How to use a sewing awl:

  1. Prepare it by inserting the needle and threading your thread through the needle’s eye.
  2. Punch holes in, insert the needle, gently pull it but not all the way out, insert the end of the thread through the loop created and pull out the needle.
  3. Repeat this process for every hole.

While sewing with a machine saves time, you don’t have as much flexibility over the sewing process as you do with an awl.

A sewing awl allows you to have perfect control over each and every stitch, resulting in a gorgeous stitch pattern. Here is all you need to know about a sewing awl and how to use it.

What Is A Sewing Awl?

How To Use a Sewing Awl

A sewing awl is a simple instrument that can be used to pierce holes in a range of materials or to widen existing holes. It’s also used to sew thick fabrics like leather. It’s a narrow, tapered metal shaft with a sharp tip on one end, which can be straight or slightly curved.

Sewing awls typically have an eye piercing on the sharp edge.

This helps to draw threading through openings for manual lockstitch sewing. Straight and curved needles are the two types of needles commonly used for sewing awls.

There are several reasons why people like sewing awls. Some of those reasons are that it allows you to have excellent control over the sewing, and the sewing is even more precise.

What Does A Sewing Awl Look like?

To help you understand what a sewing awl looks like, here is a brief description of the four sections of a sewing awl.

A sewing awl consists of a handle, bobbin, chuck, and needle.

A bobbin is a little spool with a thread on it. This thread is used to sew things together. The bobbin is positioned inside the handle on some sewing awls. There is also a tension post to hold the thread under tension while sewing.

A needle is a sharp tool used to make the holes and sew. It has an eye at the bottom, through which the thread is passed through.

The chuck is a cap that goes over the opening and is screwed on. It is responsible for feeding the thread from the bobbin to the needle. The needles and thread that come with a sewing awl are accessible by unscrewing the chuck lock.

The handle is where you grip the sewing awl, and it usually has a storage box where you may keep a little wrench for the bobbin bolt. There is a hole in it, so the thread passes through and a bobbin end covering.

Are There Different Sewing Awl Shapes?

Yes, sewing awls tend to have different shapes.

Each shape has a purpose and creates a different look.
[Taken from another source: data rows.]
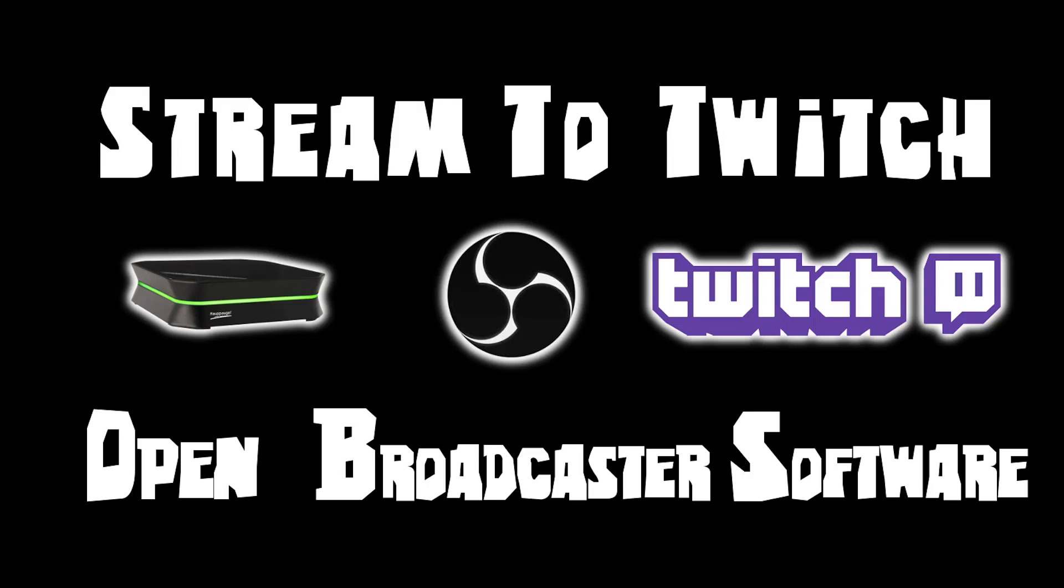Hi everyone, Cody here showing you how to stream to Twitch using Open Broadcaster software and your Hauppauge HD PVR2 device.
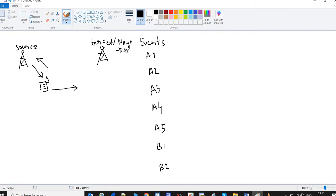After some time this UE is moving towards the target eNodeB, its neighboring eNodeB. As it moves farther away from the source, the UE will find that the coverage or signal strength coming from the source eNodeB is getting weaker, while the signal strength of the target or neighboring eNodeB is getting stronger. Based on this coverage or signal strength, these events are triggered.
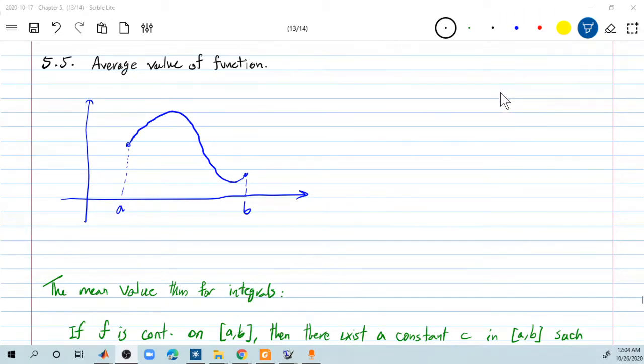Welcome back. Let's finish the last section of chapter 5. It's the average value of a function.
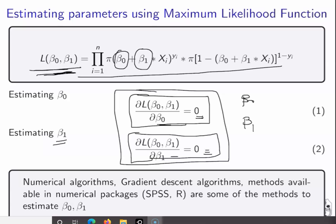We can use numerical algorithms or other approaches such as gradient descent. Packages in R, SPSS, and Python have ready-made modules that predict the values of β₀ and β₁ based on the given dataset. We make use of those packages to obtain the parameter values for the logistic regression problem. That is all about estimating parameters for logistic regression. Thank you.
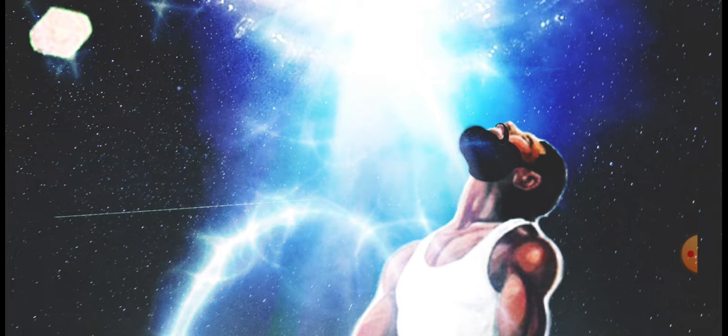But the day of the Lord will come as a thief in the night, in which the heavens shall pass away with a great noise, and the elements shall melt with fervent heat. The earth also, and the works that they're in, shall be burnt up.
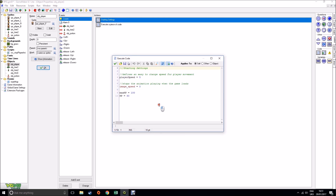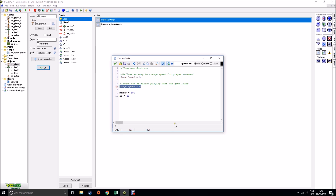With starting settings, I've got a piece of code that sets an easy-to-change speed for the player. I've created a variable called player_speed and set it to five. The reason is, rather than hard-coding five every time for moving up, down, left, and right, this means if I want to change how quickly my character moves I just change that one variable. I've also made sure the animation stops playing as soon as the game loads so it loads standing still. I've also created a max HP for my character which is 200, and then current HP which is 30, because the character has had a bit of a bang on his head and starts a little injured.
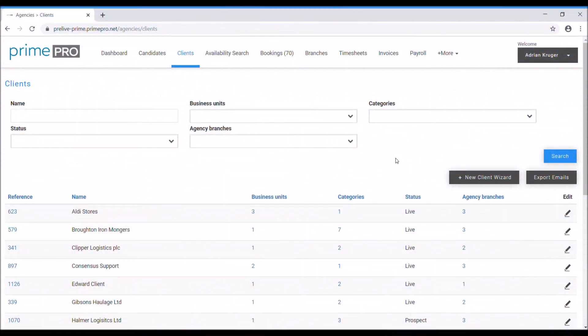Hello and welcome to PrimePro video demo. Today we're going to be covering bookings and how to take you through the booking process in PrimePro.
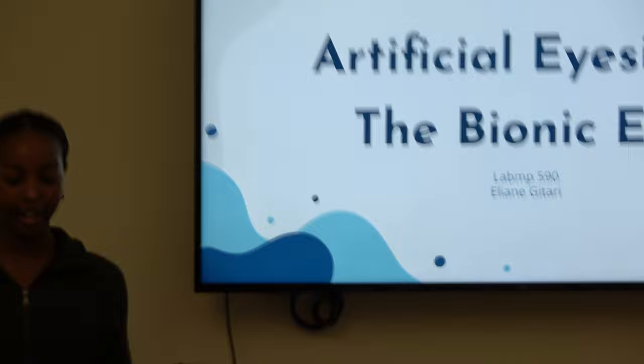Hello, my name is Melanie Guattari, and today I'll be presenting on artificial eyesight, the bionic eye.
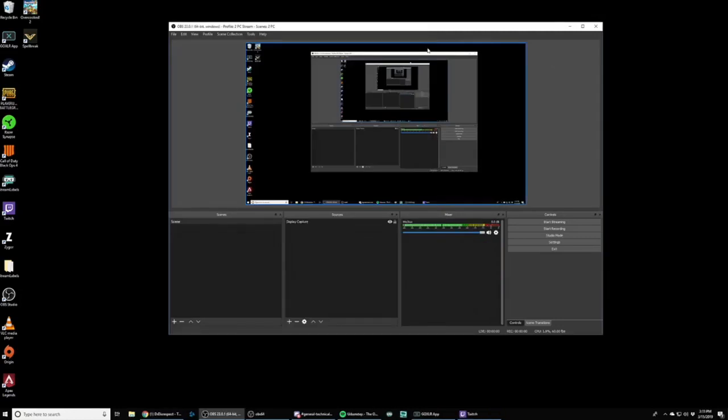GoXLR is an incredible streaming device because it makes managing audio tracks incredibly easy. One of the limitations or perceived limitations of GoXLR though is that it doesn't support multi-track recording. In fact, in most cases, it does.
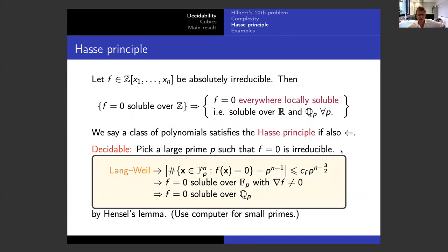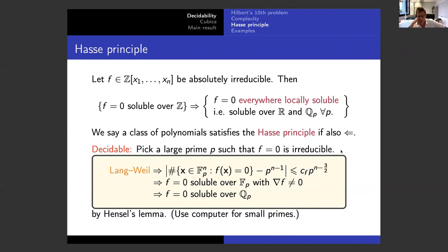The main test for solubility comes from the most obvious necessary condition: the equation should be soluble over all completions of Q — that is, over the reals and over all the p-adics, or equivalently, there should be a solution modulo every prime power. We say that a class of polynomials satisfies the Hasse principle if this necessary condition is also sufficient. When a class satisfies the Hasse principle, solubility becomes a decidable problem.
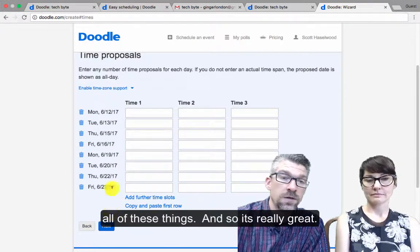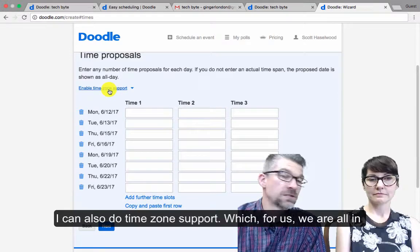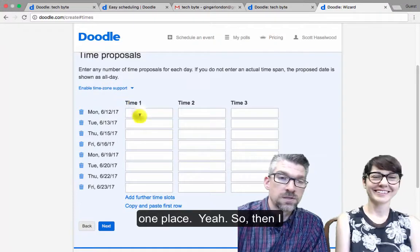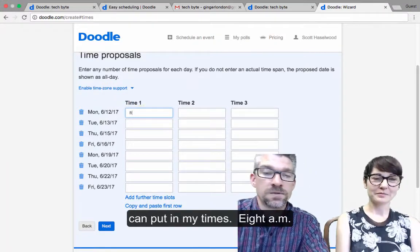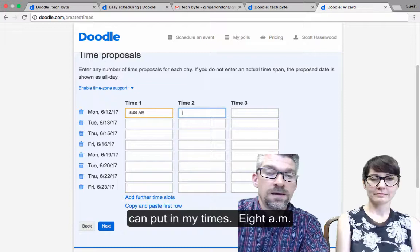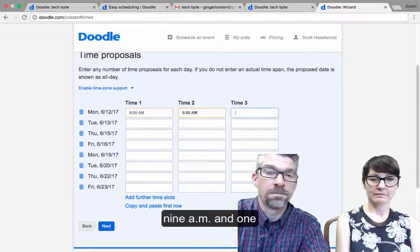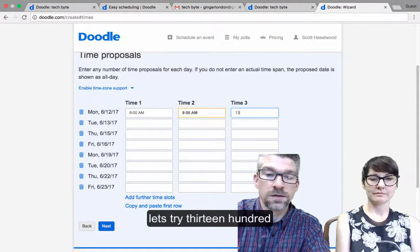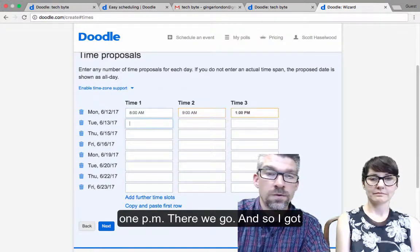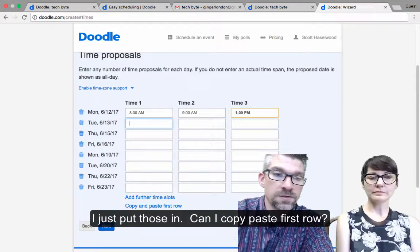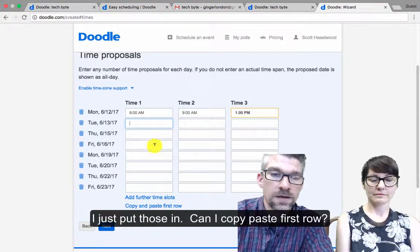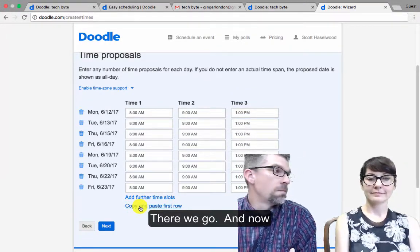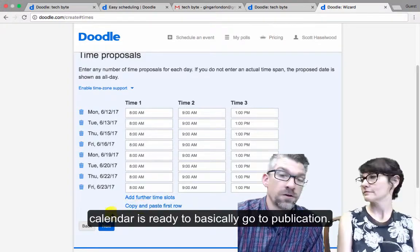It's really great. I can also do time zone support, which for us we're all in one place. So then I can put in my times — 8 a.m., 9 a.m., and 1 p.m. There we go. And so I just put those in. Can I copy-paste first row? There we go. And now my calendar is ready to basically go to publication.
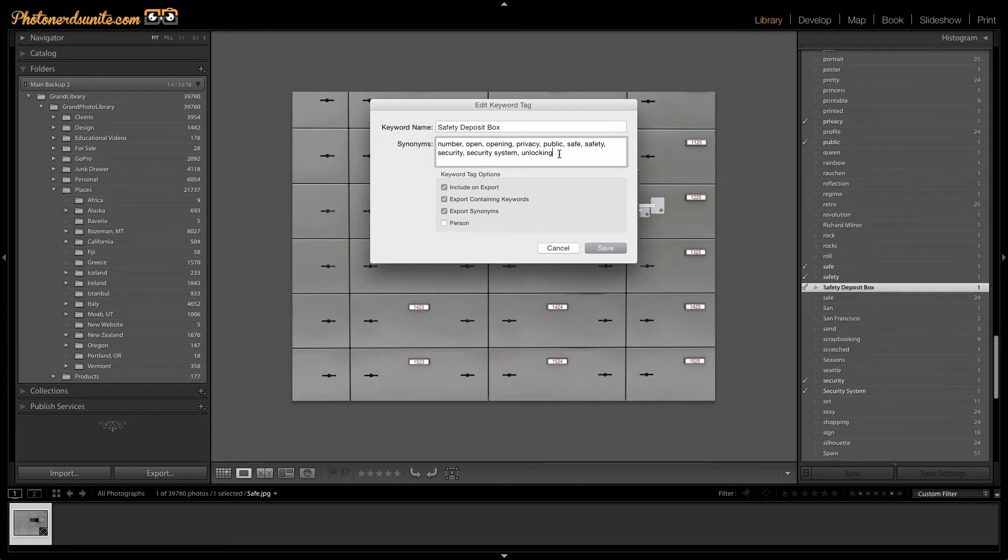Once I've entered in all of the synonyms that are associated with this particular keyword, which is important to note that you want to make sure that you separate each one of these synonyms with a comma.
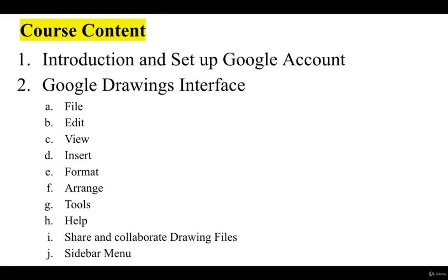The major topics in this course are: in the first section we are going to learn introduction to Google Drawings and how to set up a Google account, which is the basic requirement in order to operate with Google Drawings.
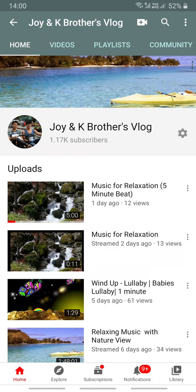Hey guys, good afternoon. Welcome to my YouTube channel. For this day we are going to make a tutorial on how we are going to check if we are eligible to use our mobile device phone for YouTube direct live streaming.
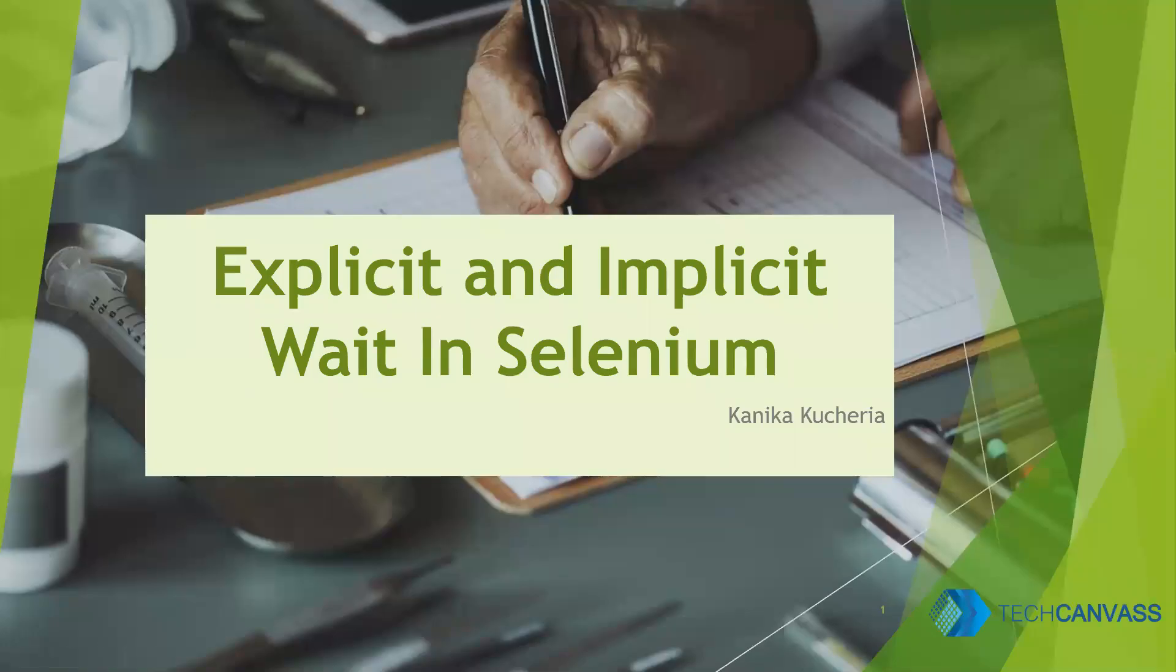Hi everyone. Today we will talk about explicit and implicit wait in Selenium. Myself, Kanika Kucheria, on behalf of TechCanvas, will take you forward on this topic.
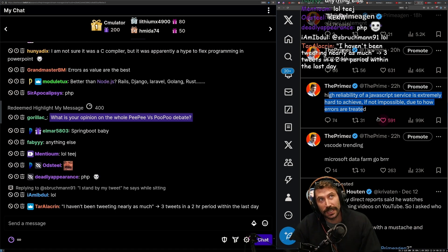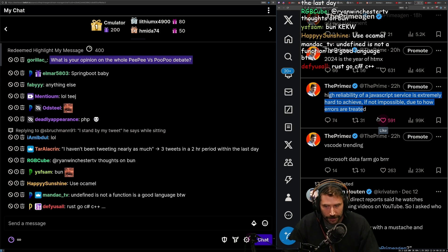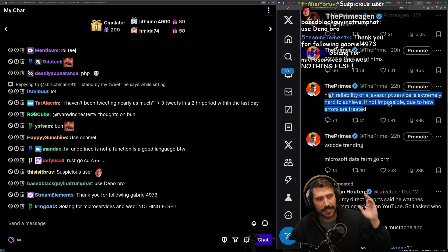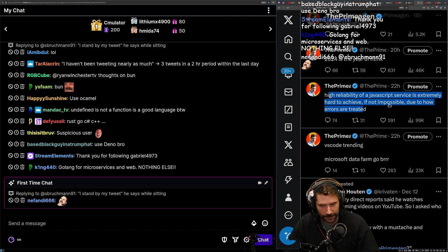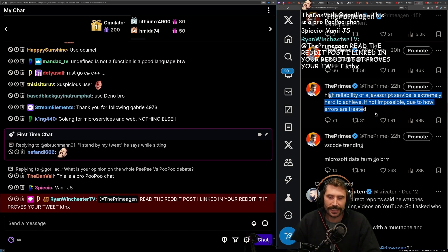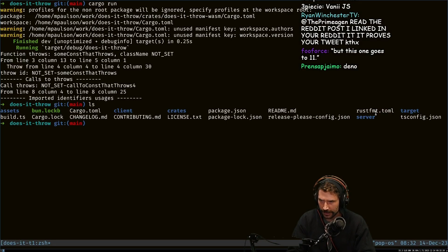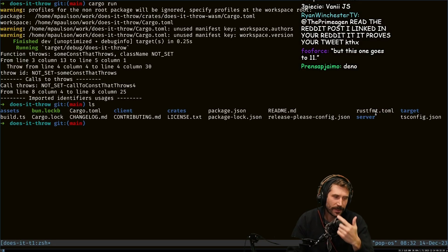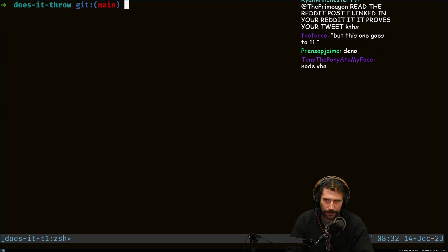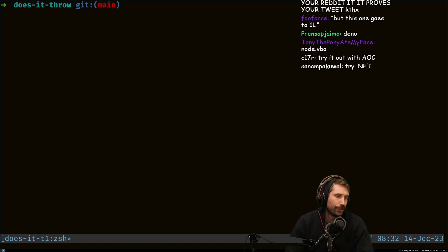If you've never used another service, if you've never used another language, if you've never done anything other than JavaScript, just give something else a try. Give Go a try. Just try it out. And what I want you to do is that every single time you have an error — I'm exploring this cool LSP called Does It Throw? I'm exploring it.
A flat blade is a typical one used to pierce leather. There is the diamond shape, which is a well-known grind.

Sewing awls and tools

The next shape is a flat hexagon with an edge that falls between a flat blade and a diamond. An oval is a different popular shape. When a form has a thinner profile than a flat hexagon, it is referred to by this name.

The diamond profile is the most popular. With four different surfaces that may be ground or polished, it has the convenience of being very easy to service.

Because of their smaller cross-sections, the flat blade, oval, and hexagon all have a slight difference from the diamond cross-section in that they displace less material when creating holes.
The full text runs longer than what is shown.